Está clarísimo, todos lo hemos vivido. Hablo del cosquilleo que corretea por el cuerpo al llegar a una nueva ciudad, justamente por la aventura latente que esconden las calles, las nuevas posibilidades que se abren a que casi cualquier cosa imprevista pueda suceder. La incertidumbre. Metió todo en grandes cajas marrones y llegó a Madrid cargada de libros y de soledad, con esa misma sensación que tuvo la protagonista de Nada al llegar a Barcelona: «Un aire marino, pesado y fresco, entró en mis pulmones con la primera sensación confusa de la ciudad: una masa de casas dormidas; de establecimientos cerrados; de faroles como centinelas borrachos de soledad».
La soledad se siente con fuerza, nívea arma de doble filo: tan punzante, tan tierna. Una jovencita llegó a la gran ciudad, y en la primera soledad, la soledad brillante de la novedad, se abrazó a sus libros. Y es que los libros, la poesía, la escritura tienen un gran poder: el de revelar o intensificar todo lo que esconde la vida.
Alejandro Zambra, en una de sus conferencias sobre Formas de Volver a Casa, decía: «Escribir, leer, son cosas que no le importan a todo el mundo. Son cosas minoritarias, entonces la gente suele juntarse. Suele acercarse. No sé, en el curso hay cinco personas a las que les gusta escribir y entonces se juntan. Y creo que para mí escribir siempre ha estado ligado tanto a la soledad, como a lo contrario de la soledad, al momento en el que uno se sienta con tres, cuatro amigos y empieza a conversar sobre un texto».
De ahí, la importancia de la literatura. Y de cómo compartirla te hace aún más grande, aunque quizá no por tamaño sino por vacío. En esta gran ciudad que es Madrid, con el tiempo una a veces acaba haciéndose unos amigos y habla con ellos de un libro en una cafetería cualquiera de esta desconocida ciudad. Al coger el metro de vuelta a casa siente que se ha olvidado algo en ese café. Y ese ya no es uno cualquiera, sino el café en el que se fueron sacando el alma a cucharaditas e hicieron de la historia del personaje de aquel libro, también la suya. Ella sintió aquel desamor como propio, y probablemente mañana se le olvide, aunque cuando llegue a casa siga buscando entre las sábanas ese trocito de alma que se dejó en el café.
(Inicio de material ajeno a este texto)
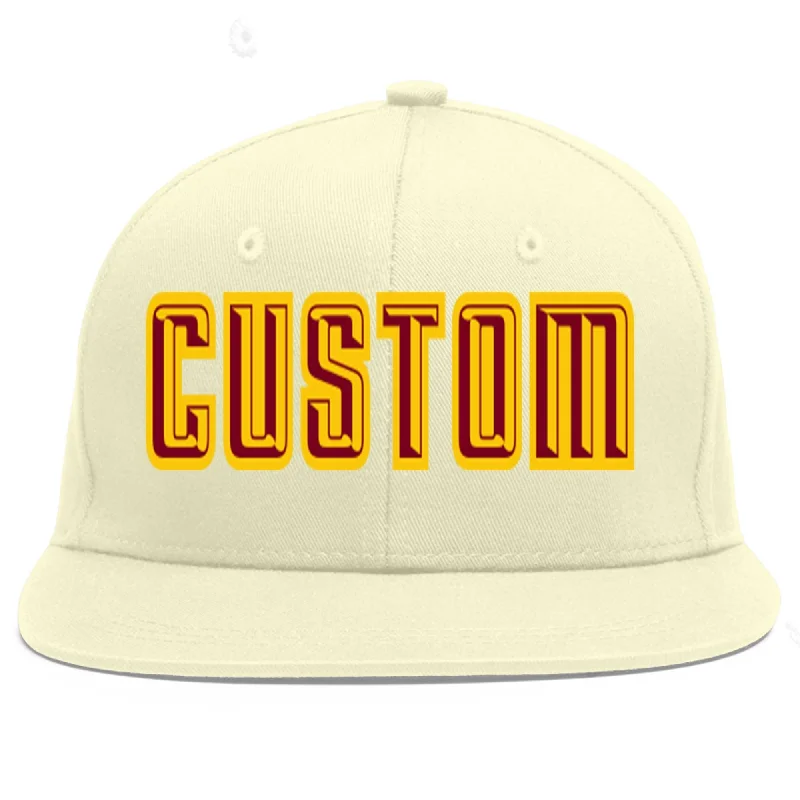 Baseball Cap For Team Event Custom Orders-Custom Cream Crimson-Gold Flat Eaves Sport Baseball Cap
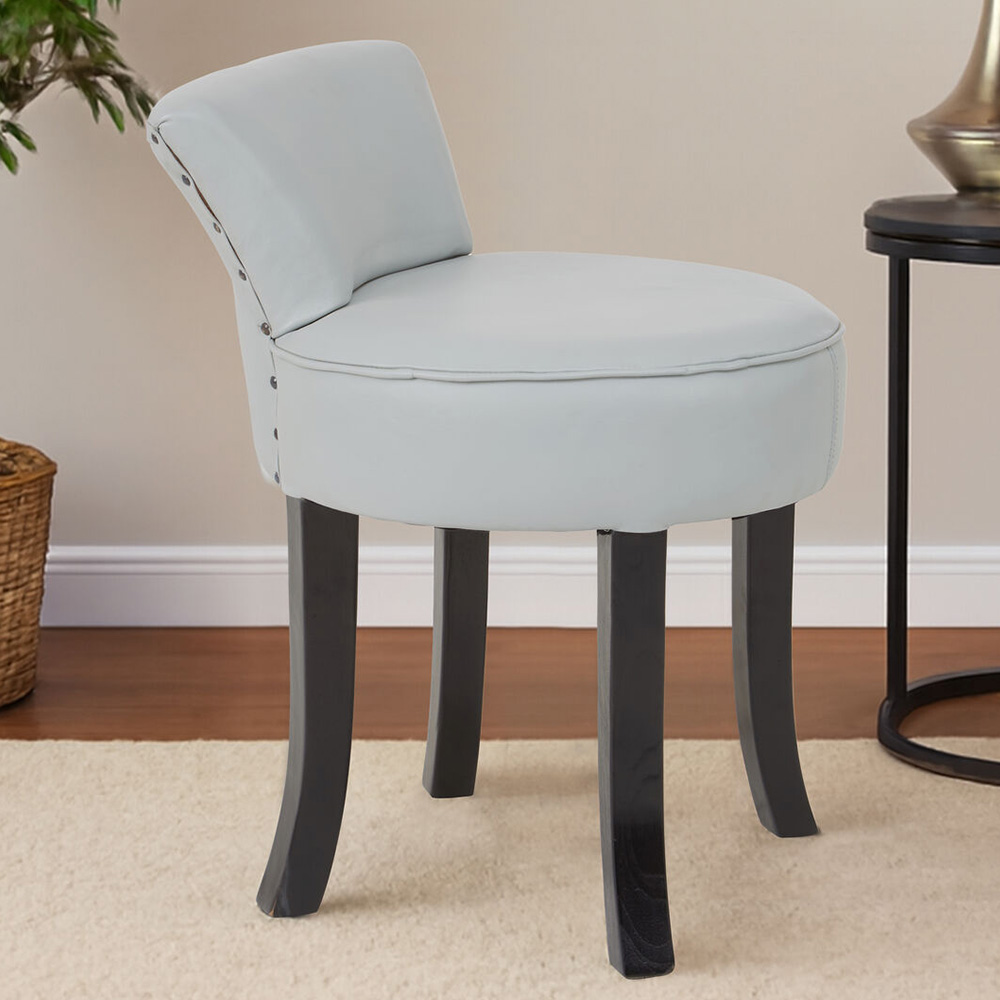 Premier Housewares Kendari Grey Leather Rounded Chair Image 1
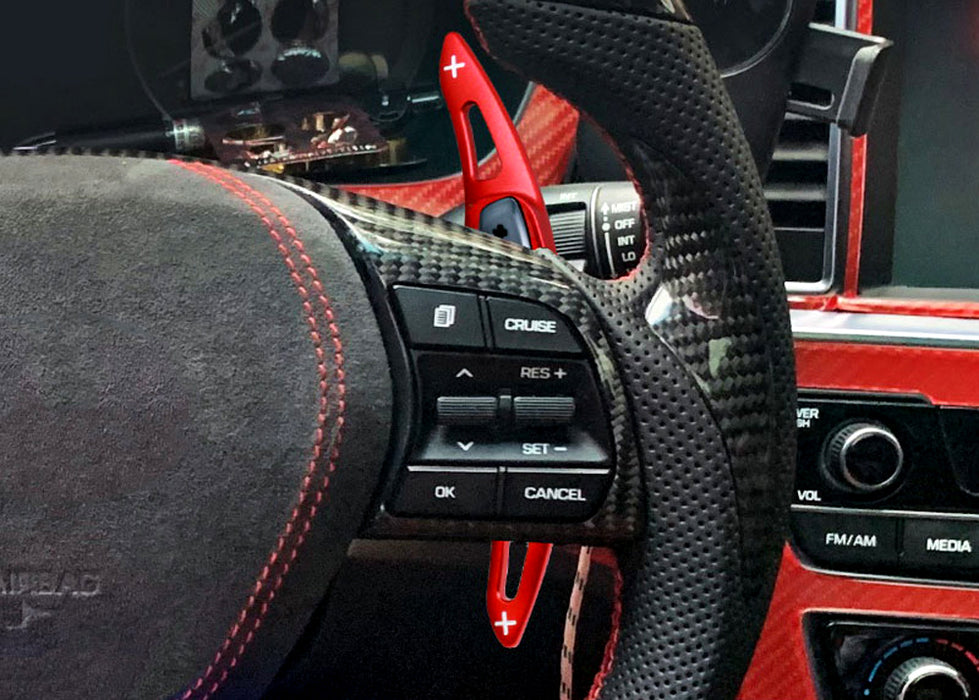 Red KDM Steering Wheel Paddle Shifter Extension Cover For 2015-19 Hyundai Sonata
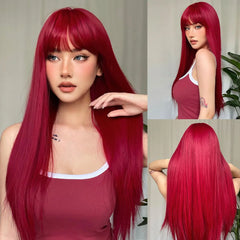 Long Red Wine Straight Wig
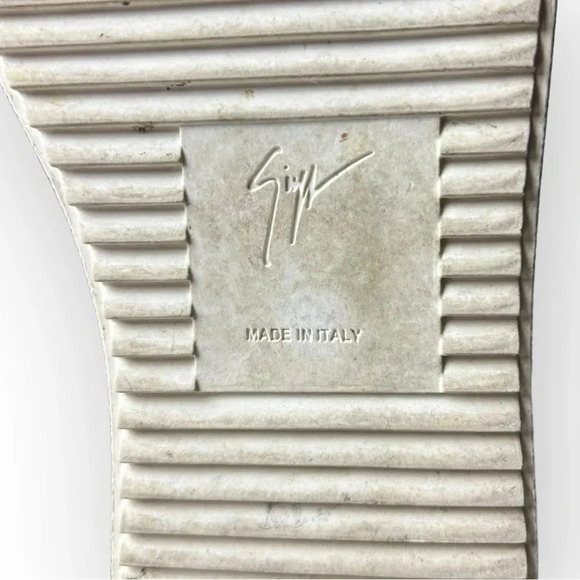 Giuseppe Zanotti  Brown Leather Donna Hi-Top Swarovski Crystal Sneakers 37 - Picture 13 of 13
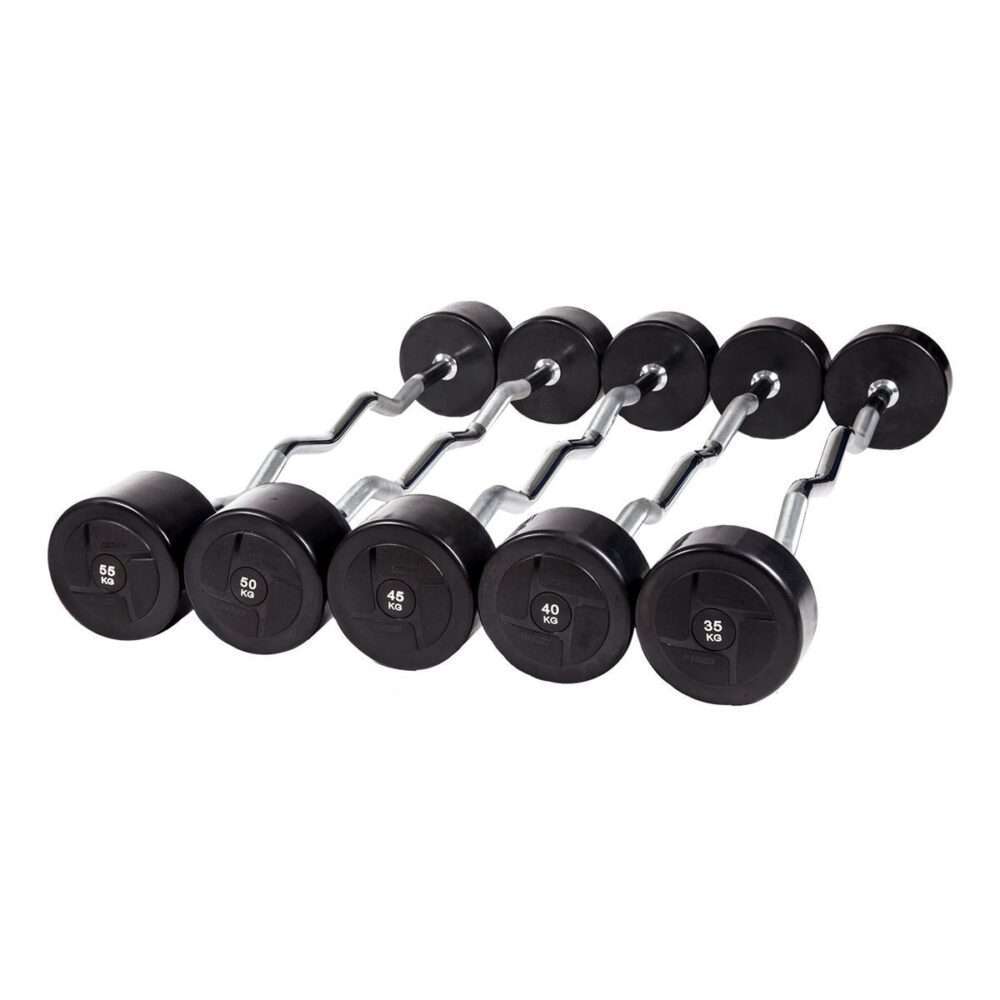 Набор изогнутых обрезиненных штанг (шаг 5 кг, 5 шт) PROFI-FIT 35-55 кг
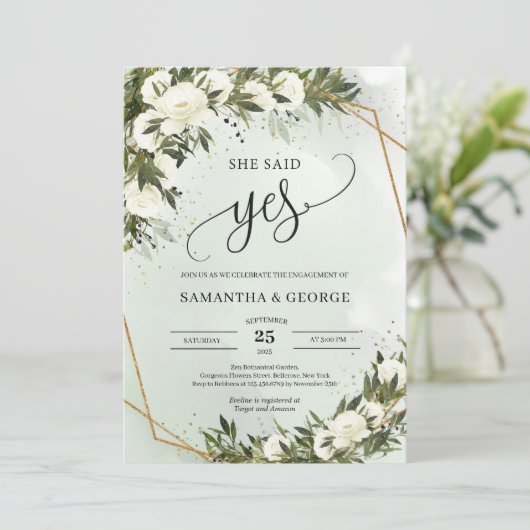 Bohoオリーブの葉の白いバラの金ゴールド彼女はyesと言った 招待状 (スタンド正面)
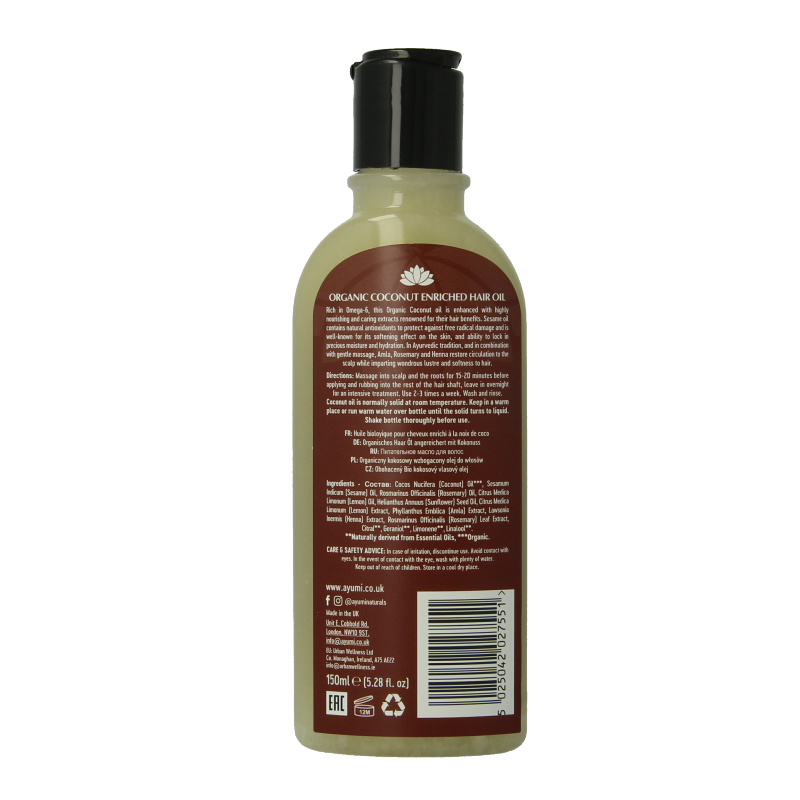 Ayumi Hair oil coconut enriched 150 Milliliter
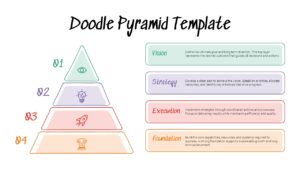 Doodle Pyramid PowerPoint template featuring four colored levels for foundation, execution, strategy, and vision with hand-drawn icons.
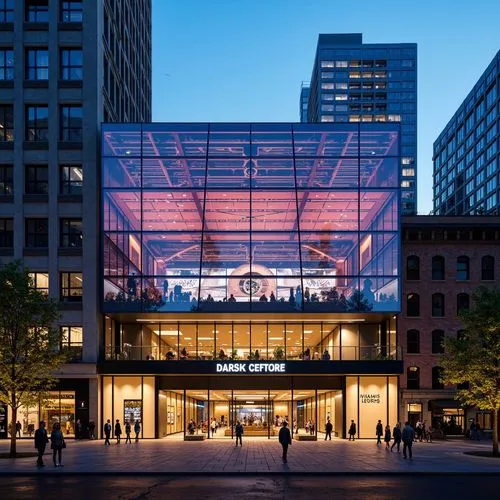 Vibrant performing arts center, dynamic angular facade, LED lighting displays, sweeping curves, cantilevered rooflines, transparent glass walls, grand entrance canopy, polished metal accents, modern m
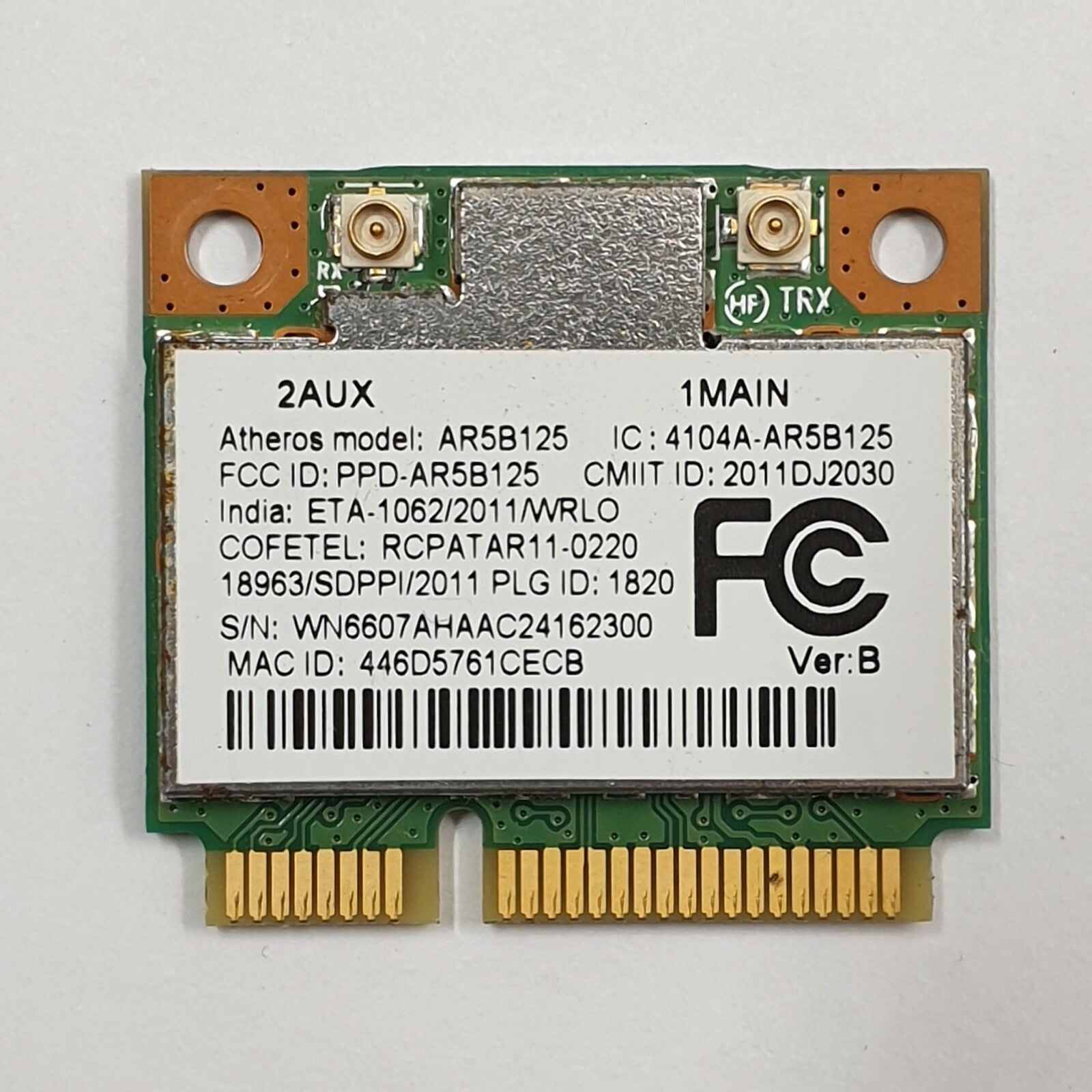 Acer Aspire 5733Z WLAN Karte Wifi Atheros AR5B125 Wireless Netzwerkkarte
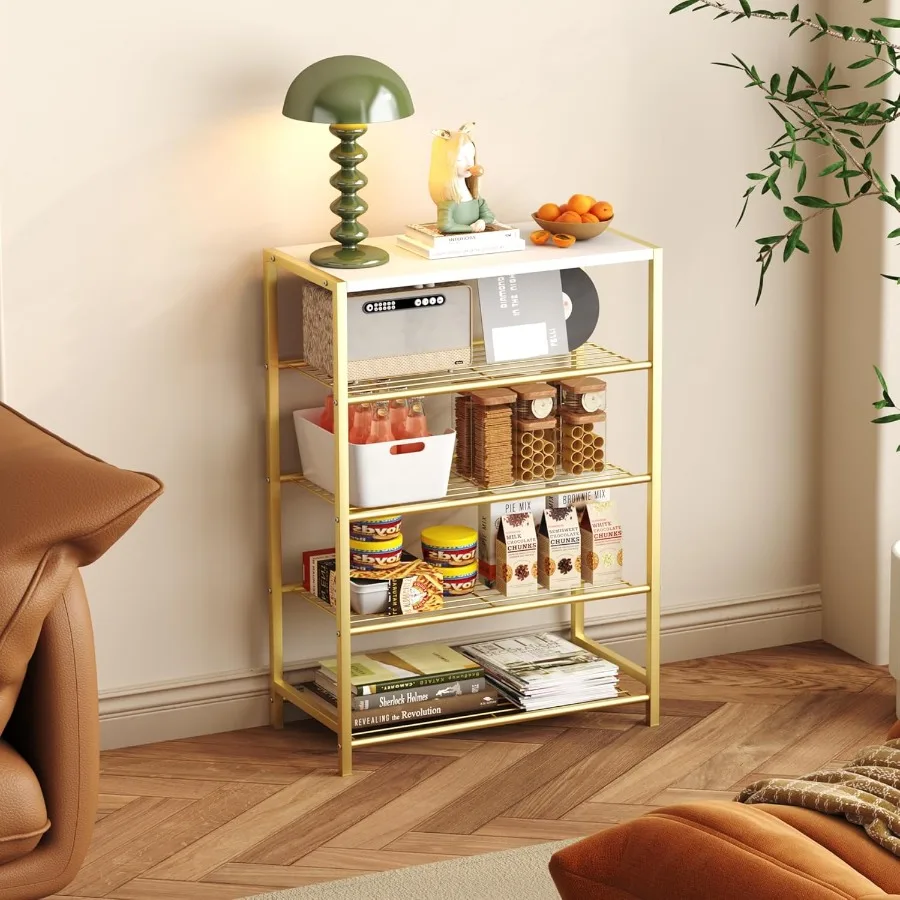 5Tier Shoe Rack Shoe Storage Shelf Industrial Shoe Tower Narrow Shoe Organizer for Closet Entryway Small Shoe Rack Table with D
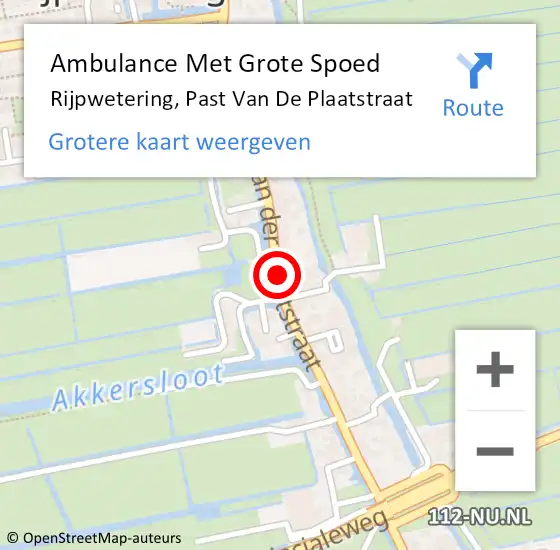 Locatie op kaart van de 112 melding: Ambulance Met Grote Spoed Naar Rijpwetering, Past Van De Plaatstraat op 1 december 2017 15:38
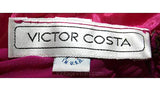 Size 2 Purple Party Dress - Ruched Orchid Strapless Cocktail Dress - 335 Dollar Original Tag - Designer Victor Costa - Bust 32.5 - 31610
Pienso también en el Café Gijón en sus tiempos de efervescencia. No he ido nunca, pero imagino que debe estar repleto de pedazos de amores y de tristezas blancas, de golpes sordos de todos esos poetas que han acariciado la más alta sensibilidad y belleza. Y no hablo solo de los que no conocemos, sino también de todas las palabras que no gozan de tanta fama, pero que son reveladoras. En estos cafés debe haber demasiados añicos por metro cuadrado.
Después de algún tiempo en esta ciudad, llena de asfalto y hormigón, de partículas grises en el aire, los añicos se nos quedan en los labios y bajo las mascarillas. Flotan en copas de cerveza y en tazas de café, mientras tratan de encontrar esos rincones, esas cuevas ocultas en pechos o en calles. Habitamos esos lugares, hablamos de cosas que parecen no importar, pasamos de ser una palabra más camuflada en un gran texto, imperceptible entre la multitud; a reconocernos dentro de esa masa. Nos señalamos las unas a las otras, nos ponemos nombres y apellidos, nos destripamos y nos pronunciamos ya sin soledad. Soy esta palabra y estoy viva.